A century and a half after a strategic error resulted in the slaughter of more than 200 Union troops in Leesburg, the solemn quiet at Ball’s Bluff battlefield will again be broken by the sound of musket fire and the shouts and cries of soldiers in combat.
On Saturday, the Northern Virginia Regional Park Authority and Morven Park will host a reenactment of the Battle of Ball’s Bluff on the historic battlefield, just one day after the 150th anniversary of the fight.
“This is the first reenactment we’ve ever held at Ball’s Bluff,” said George E. Tabb Jr., park manager for the NVRPA. Most reenactments of major Civil War battles — such as Antietam or Gettysburg — occur off-site because of National Park Service preservation regulations, Tabb said.

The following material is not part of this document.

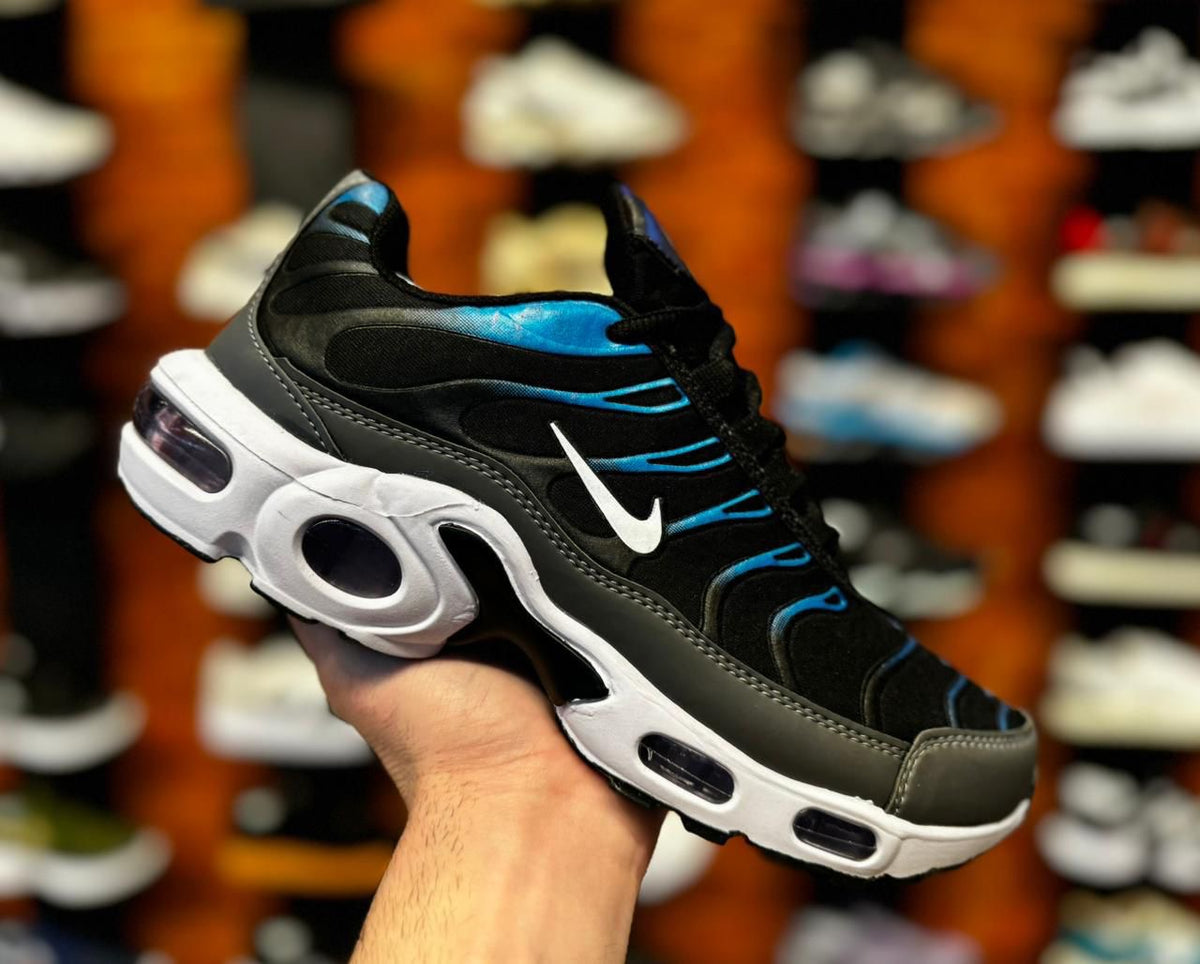 NIKE TN PRETO/AZUL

But this weekend, more than 1,000 reenactors will literally follow in the footsteps of thousands of Union and Confederate soldiers who fought along the banks of the Potomac River on Oct. 21, 1861.
“All reenactments are exciting, and they’re all interesting, but the geography plays so much of a part in these battles, you don’t really get a feel for it unless you can see it,” Tabb said. “This will combine the reenactment with the same topography. People will get some feel for how it actually looked and how it actually felt.”
Geography was always a pivotal factor in Civil War conflicts, but never more so than at Ball’s Bluff, where a tragic series of events was set in motion by a Union captain sent on a reconnaissance patrol across the Potomac. In darkness, Capt. Chase Philbrick mistook trees for the outlines of Confederate tents, and a raid on the supposed camp was ordered, according to Jim Morgan, president of the Loudoun County Civil War Roundtable and a volunteer battlefield guide at Ball’s Bluff.
The consequences of the misunderstanding escalated throughout the following day. Skirmishes between Union and Confederate soldiers began early on the morning of Oct. 21. Thousands of federal soldiers found themselves without a way to easily cross the Potomac to reinforce their comrades; it was too deep to ford, and only a handful of boats were available. Those who did make it across fought sporadically throughout the afternoon, then were faced with fresh Confederate reinforcements late in the day, when more than 600 newly arrived soldiers advanced on the weary Union troops, according to Morgan. The Union troops fled toward a bluff above the river, down a steep embankment and into the water, where many drowned or were shot.
The climax of the bloody conflict will be re-created for visitors Saturday between 2 and 3 p.m., Tabb said. Attendees will witness the death of Col. Edward Baker, the only sitting U.S. senator to be killed in the Civil War, see the Union troops falter and ultimately succumb to the unrelenting Confederate onslaught.
Of course, the gruesome end to the battle will be somewhat altered for reenactment purposes, Tabb said.
“There will be no situation where the Union troops are forced down over the cliff,” he said. “Instead, we’re going to run them right up to the cliff, then we’re going to capture them and march them off.”
The reenactors will arrive Friday and set up camp in Morven Park, Tabb said. Many are from Loudoun and other parts of Virginia; others will travel to Leesburg from as far away as South Carolina and Oregon.
Guests with tickets will be able to tour the encampments and watch the reenactment, said Kevin Bowman, senior interpreter at Morven Park. The park is anticipating a well-attended event, with about 1,200 tickets sold as of Monday afternoon, Bowman said.
The encampment grounds will open at 9 a.m. and will feature history exhibits, drill demonstrations and modern and period vendors, Bowman said.
After the reenactment, the park will hold a battlefield illumination event Saturday evening.
“This is something that was made popular by Antietam National Battlefield, where they lit a candle for each soldier that was killed or wounded in the battle,” Tabb said. Three hundred battery-operated candles will be lighted at Ball’s Bluff in a dignified and quiet ceremony, he said.
“It will be one of the few times the park is open at night, and people can walk down the park road to the cemetery,” Tabb said. “There will be a bugler there who will occasionally play taps.”
The weekend of commemorative activities and reenactments will conclude Sunday, Tabb said, with a wreath-laying and 21-gun salute at the Baker Monument, where the senator was killed.